The NASA scientists, instead of splitting me up, as they had split up Dennett, would leave me entire. I would stay back in Houston, all of me, and without suffering any effects from radiation would control a robot on its underground mission. The scientists assumed that, unlike Dennett, I would not be distracted from the primary purpose of the mission by abstruse philosophical questions about my location. Little did they know.

Dennett mentions laboratory workers who handle dangerous materials by operating feedback-controlled mechanical arms and hands. I was to be like them, only I would be operating a feedback-controlled entire body with prosthetic hearing, seeing, and feeling. Although it might be as if I were deep in the tunnel under Tulsa, I would know perfectly well where I really was, safe in the laboratory wearing earphones and eyevideos and skintact and MARS membrane, and speaking into a microphone.
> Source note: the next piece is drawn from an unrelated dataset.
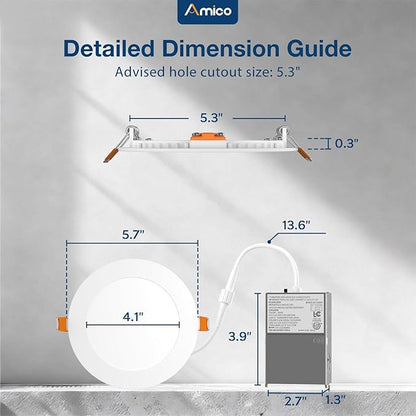 Amico 4 Pack 5 Inch 5CCT Ultra-Thin LED Canless Recessed Ceiling Light with Junction Box, 2700K/3000K/3500K/4000K/5000K Selectable, 11W=75W, 900LM High Brightness, Dimmable Wafer Downlight-ETL&FCC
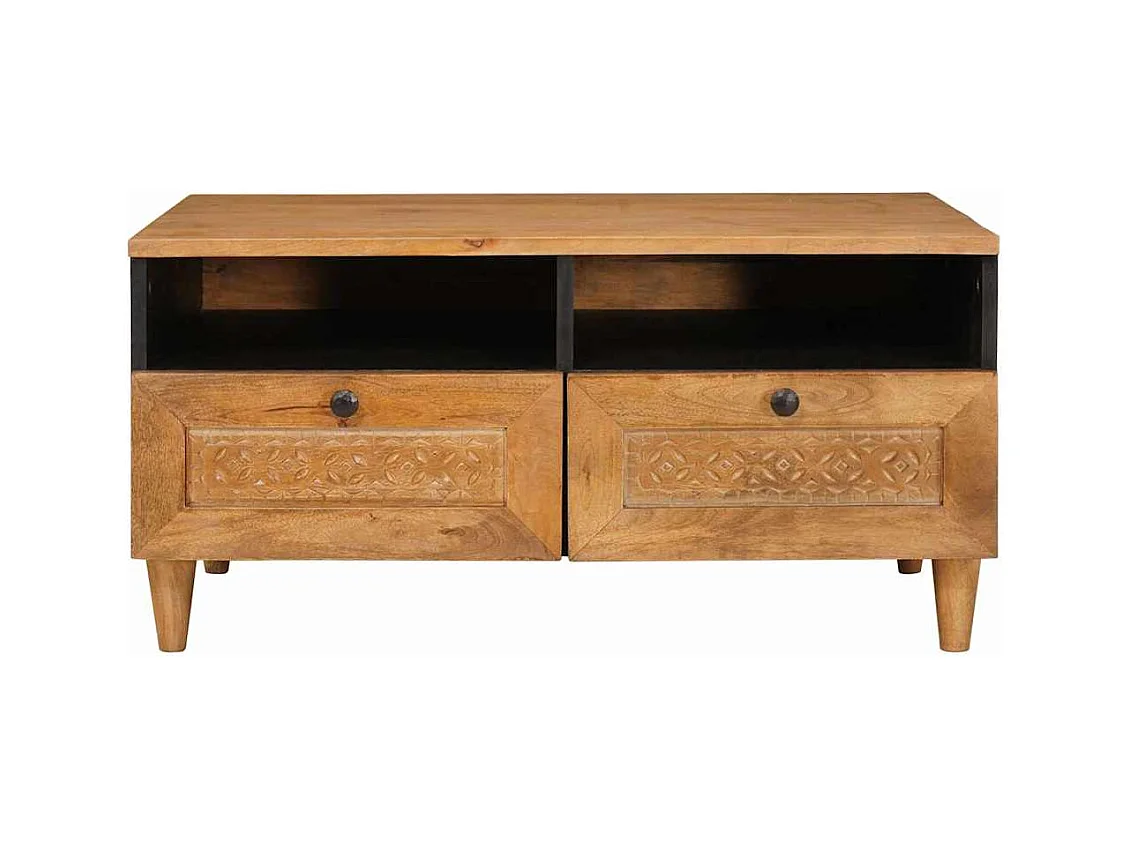 Table basse avec tiroir Marron clair 80 x 54 x 40 cm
It turned out, however, that once I was all rigged up, I could not resist the inclination to locate myself in the location of the robot. Just as Dennett wanted to see his brain, I wanted to see myself swathed in my electronic garments. And just as Dennett had difficulty identifying himself with his brain, I had difficulty identifying myself as the body that moved its head every time the robot moved its head and moved its legs in a walking motion as the robot walked around the laboratory.

Following Dennett’s example, I began naming things. I used “Sanford” as Dennett used “Dennett” so that the questions “Where was I?” and “Where was Sanford?” should receive the same answer. My first name, “David,” served as a name for the mostly saltwater and carbon compound body being cared for in Houston. My middle name, “Hawley,” served for a while as the name of the robot.